Your first line of defense is your email’s spam filter. Depending on who provides your email (Gmail, Yahoo, your employer, etc.), you may or may not have much control over configuring your spam filter. That is a little more technical than most people want to get. However, what you can do with your spam filter is mark emails you receive as spam when appropriate. Most spam filters are dynamic. That is, they build a profile of email senders and the pattern of content in them. If a lot of people mark a certain email address as spam, future messages from that address are more likely to be marked as spam.
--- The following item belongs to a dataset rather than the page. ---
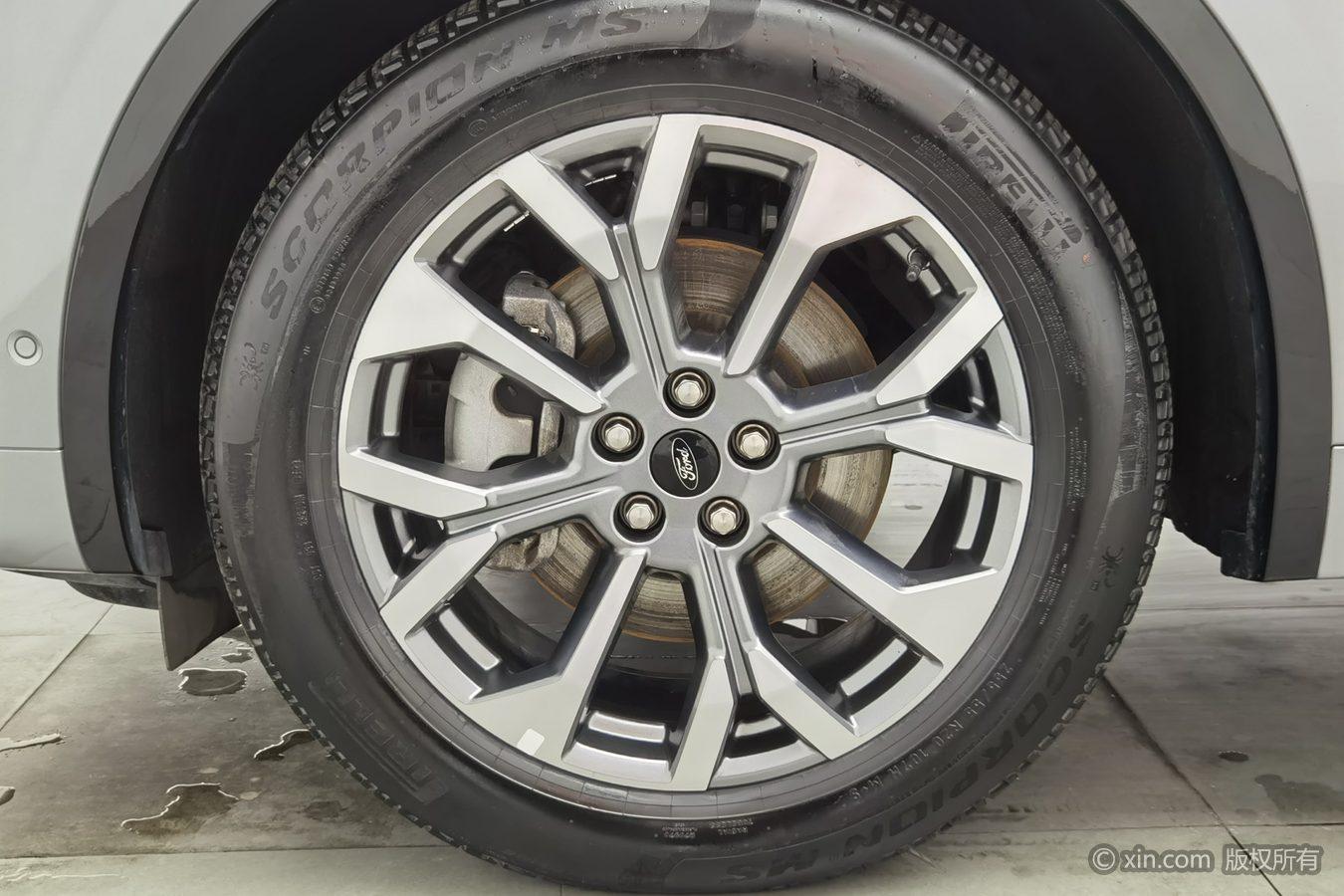 Ford Edge 2023 L 2.0T EcoBoost мест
Using the "Mark as Spam" feature will help you and the wider community fight against spam.

Secondly, most advertising emails have an opt out section in them (or again they are supposed to). Take a look at the bottom of the email in the fine print of the message. There you should find something along the lines of an "Unsubscribe" button. This should remove you from the list. In the case of text messaging spam, replying the word "Stop" can often get you off the text messaging list.

You can also reach out to the sender themselves. Sometimes there are honest mistakes in sending out messages. If that is the case, contacting the company will help them know that they are inadvertently annoying a lot of people. However, this can be time consuming and the sender might just not care about your particular case.

The most extreme step would be to report the message to a governmental agency. If it is email, you need to forward the email with an explanation to the Federal Trade Commission. That email address is spam@uce.gov. If it is a text message, then you will have to file a report with the Federal Communication Commission at https://consumercomplaints.fcc.gov/hc/en-us/requests/new?ticket_form_id=39744. Be prepared for this process to take a lot of time and patience. I have gone through the process with the FCC only to be thrown into an endless loop of explaining the problem and receiving generic replies.

Spam is annoying, illegal and will probably never go away. There are some steps to protect yourself and reduce spam, but be prepared for an endless battle.